Entre as duas palavras do título deste primeiro longa de Tião, a mais importante é, sem dúvida, “político”. O que se desenha na tela é uma personagem que permita o questionamento de sua relação com o que chamamos de sociedade. Uma fábula curiosamente clássica (animais que agem como humanos, discutindo questões morais) sobre o desencaixe e sobre a busca pela transcendência do comum – tal definição parece caber tranquilamente a Animal Político. A premissa temática – o embate homem versus sociedade – demanda uma perspectiva que reconfigure este gênero histórico da narrativa do ocidente. O que se passa é um trajeto, uma pequena odisséia pela qual este personagem principal realiza encontros, motivado pela sua busca de sentido para a sua vida. O centro dessa procura é entender se há algo além, um princípio externo, que justifique isso aqui.

Esta idéia de político não está somente na relação constante indivíduo-grupo, ou indivíduo-coletividade, mas também na forma. Primeiro, isso se dá na escalação de uma vaca para a maioria das cenas do personagem principal. Ao contrário de todo um campo que atualmente busca investigar as formas de subjetividade dos animais, o que está em jogo neste filme é o homem. A vaca importa na medida em que parece com um homem (tem olhar, portanto, produz expressão) e desloca os sentidos, fazendo com que esse outro mamífero signifique os homens em geral e não uma pessoa específica (a presença dos homens sem cabeça reafirma isso). O filme se alimenta da estranheza causada pela neutralidade da expressão da vaca em relação ao texto em voz over dito de maneira melancólica. Tal voz parece representar uma espécie de pensamento, locus onde se dá essa busca de sentido.

A distância entre o que se diz e o que se vê dá energia para o filme, ao menos em seu terço inicial. A introdução da vaca no universo de classe média alta comum realiza uma gag que, com o passar do temo, naturalmente se desfaz. A mistura entre fábula filosófica e comédia irônica fundamenta o tom do filme. Seus momentos de maior intensidade parecem ser aqueles em que essas duas forças atuam decisivamente, como o encontro com o robô em stop motion no deserto ou a seqüência dos homens sem cabeça. Quando algum desses eixos diminui de importância, tendemos a ficar com reflexões faladas que não se materializam ou com pequenos truques de cinema que não se tornam de fato uma discussão, ou uma investigação a partir da forma.
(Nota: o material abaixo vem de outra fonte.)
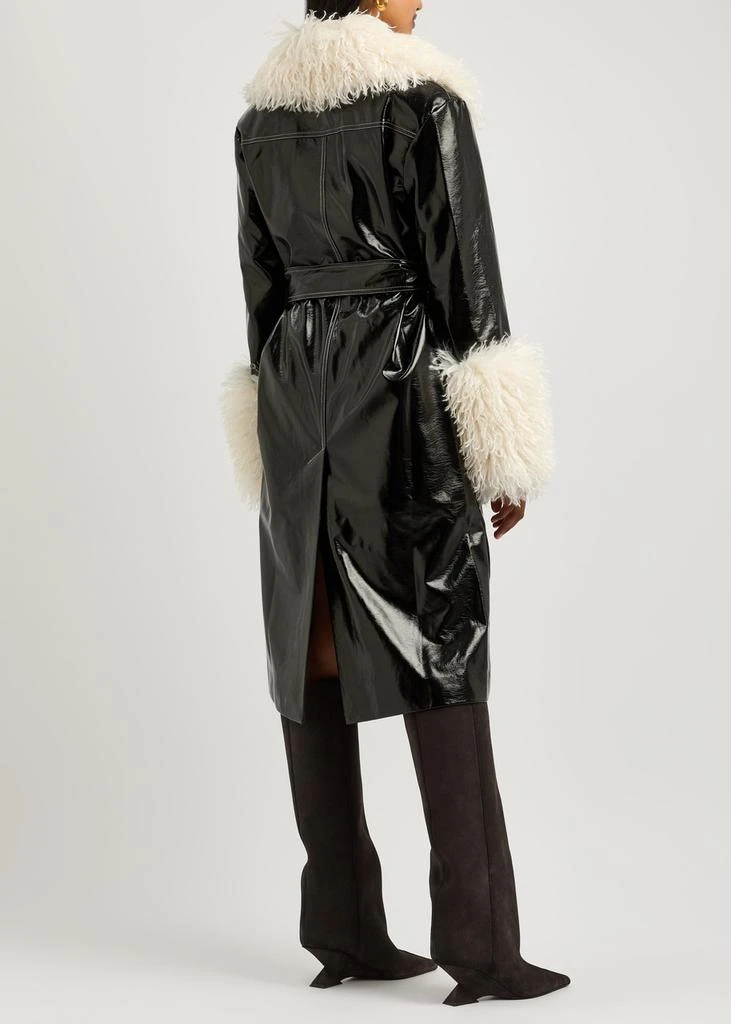 Kitri Simone faux shearling-trimmed vinyl coat 5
A inegável capacidade de consumar singularmente os conflitos na imagem que Muro (2008) e Sem Coração (2014) atestavam de maneira muito evidente, parece diluída nesta estreia em longa, talvez não pela diferença óbvia de duração, mas justamente pela natureza dos objetivos. Animal Político parece se dedicar à busca de sentido, de significado, especificamente. A presença no bicho não atesta um investimento justamente no que há de menos discursivo, mas no que há de mais. O padecimento do personagem é que a experiência cotidiana não lhe dá um a mais, um além, lhe falta justamente o significado. Esse investimento em um campo mais ligado ao logos acarreta numa menor força encantatória, inflando sua dimensão cerebral – tornando o filme predominantemente racional em suas ações.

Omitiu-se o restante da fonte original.